- _Work task_
Please, from the entries below, transcribe exactly the lines that begin at the line with "Chloe Paddington Hand" and end at the line with "TAOCOCO 100% Waterproof", without the pictures.

- _Given records_
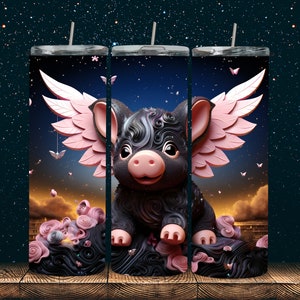 When Pigs Fly Wrap | Cute Black and Pink Angel Pig Wrap | Straight Tumbler Wrap | 20oz Skinny Tumbler | Digital Download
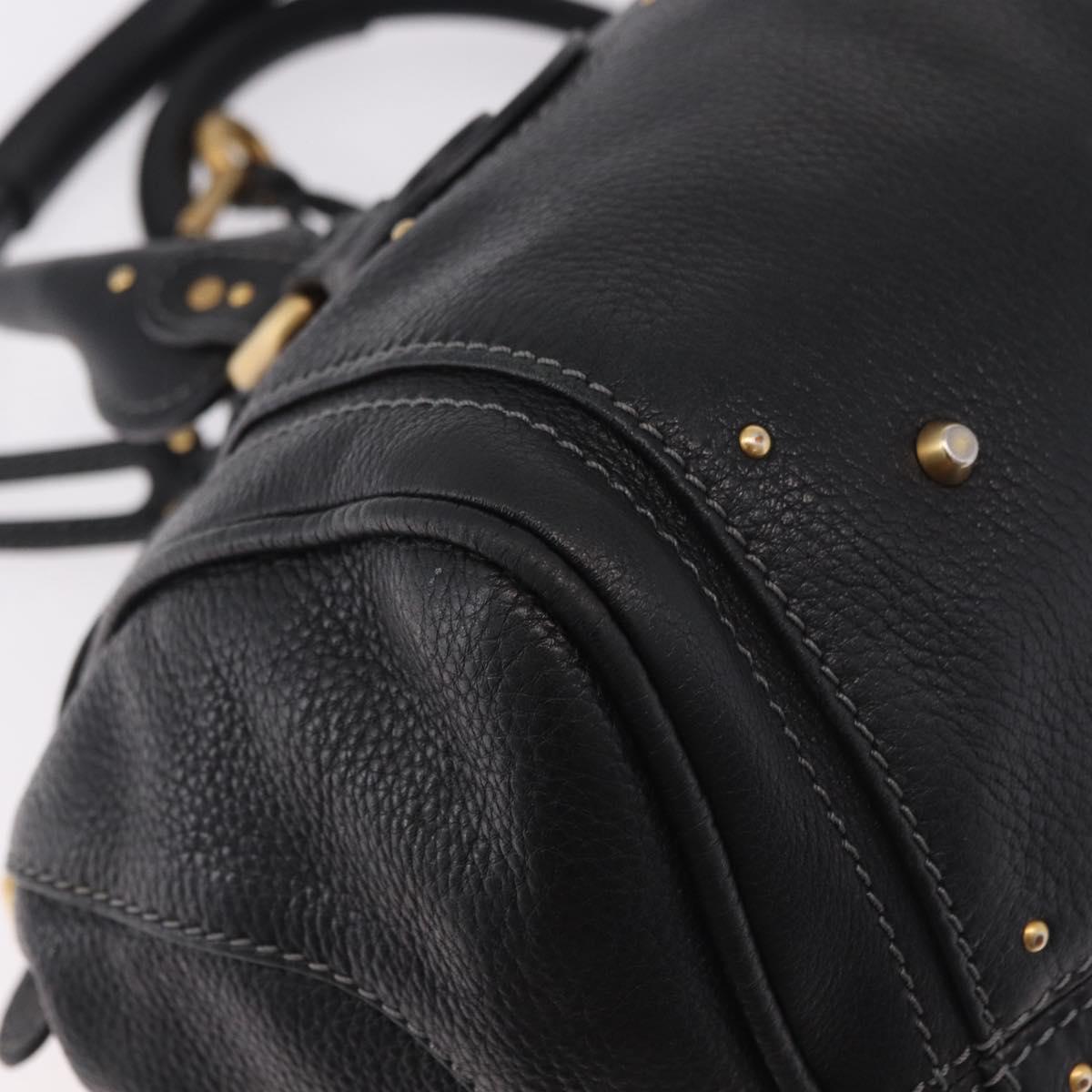 Chloe Paddington Hand Bag Leather Black Gold Silver Auth 190091A
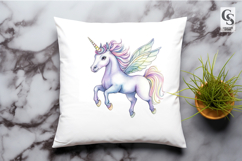 Watercolor Rainbow Unicorn Clipart Sublimation PNG Product Image 2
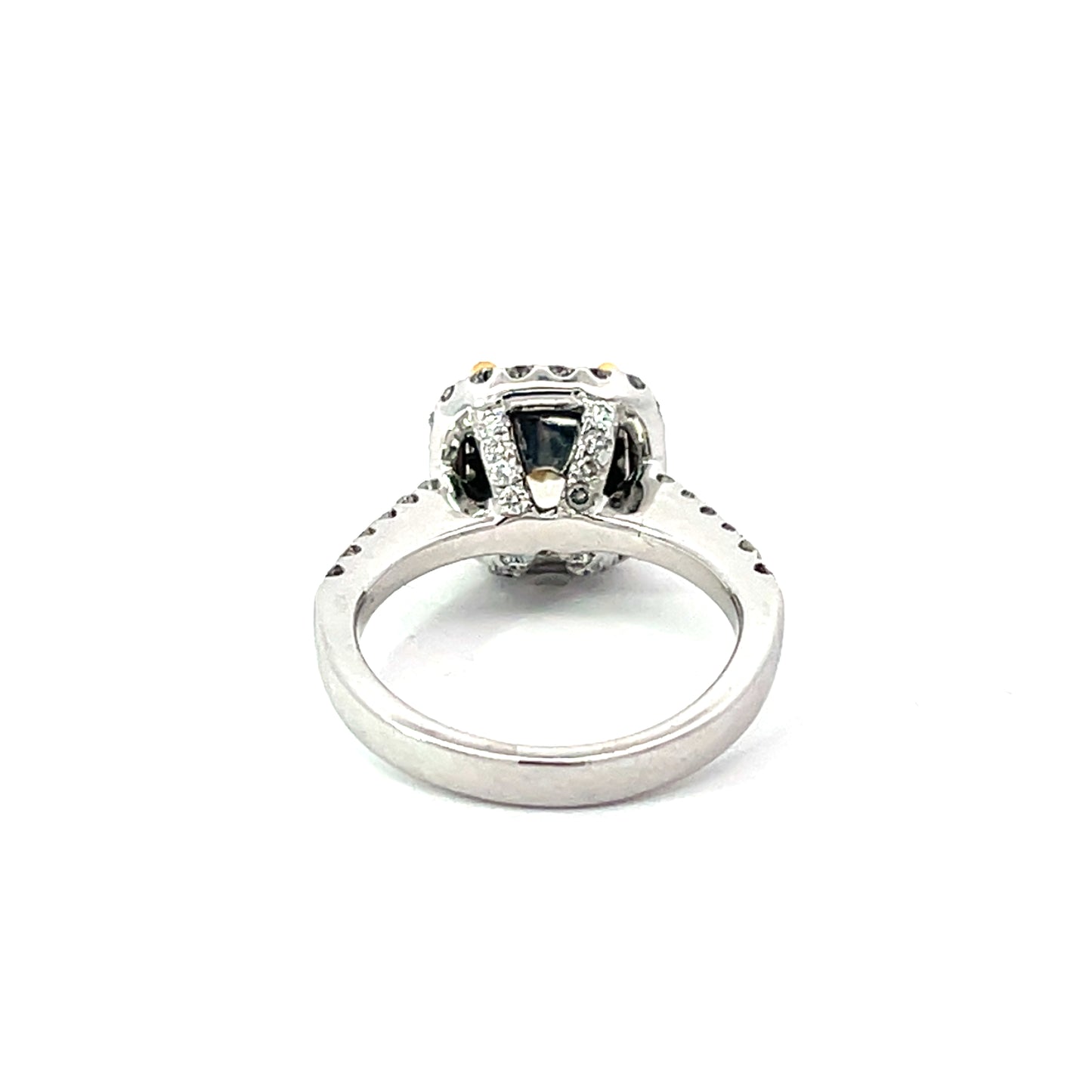 White Gold 2 Carat Cushion Halo Statement Ring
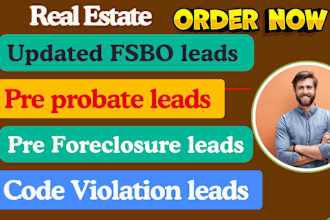 do fsbo leads, pre probate, pre foreclosure, code violation with skip tracing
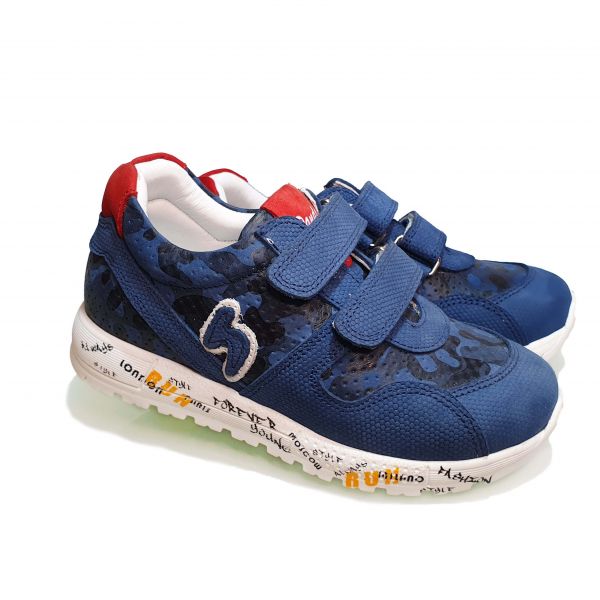 Кроссовки Panda cиние с камуфляжным принтом 08.02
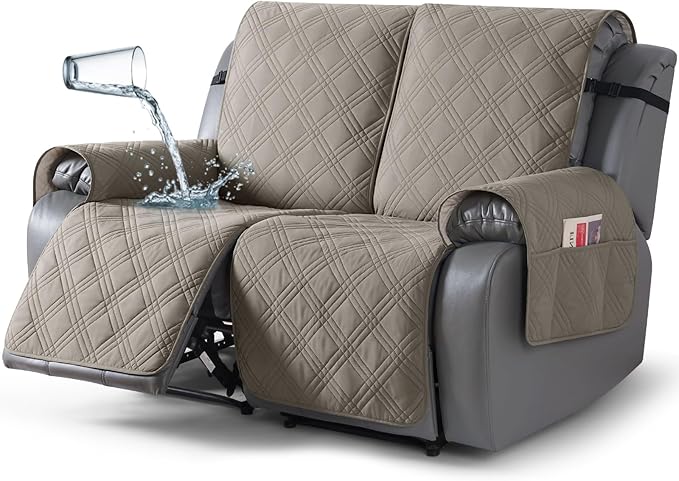 TAOCOCO 100% Waterproof Loveseat Recliner Cover, Non Slip Split Recliner Couch by TAOCOCO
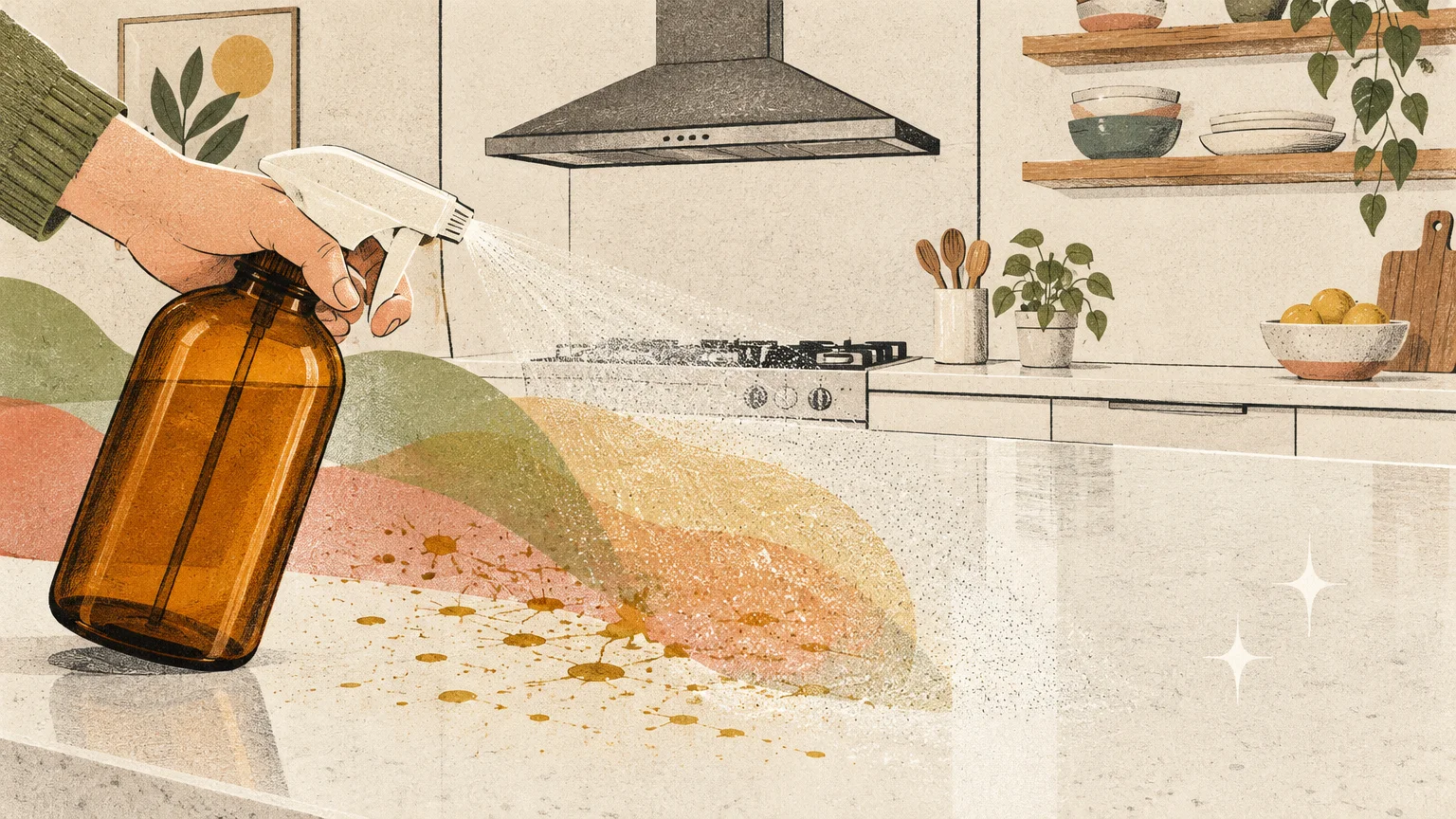 Illustration of a hand spraying an amber glass bottle onto a kitchen countertop splattered with stains.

- _Written solution_
 Chloe Paddington Hand Bag Leather Black Gold Silver Auth 190091A
 Watercolor Rainbow Unicorn Clipart Sublimation PNG Product Image 2
 White Gold 2 Carat Cushion Halo Statement Ring
 do fsbo leads, pre probate, pre foreclosure, code violation with skip tracing
 Кроссовки Panda cиние с камуфляжным принтом 08.02
 TAOCOCO 100% Waterproof Loveseat Recliner Cover, Non Slip Split Recliner Couch by TAOCOCO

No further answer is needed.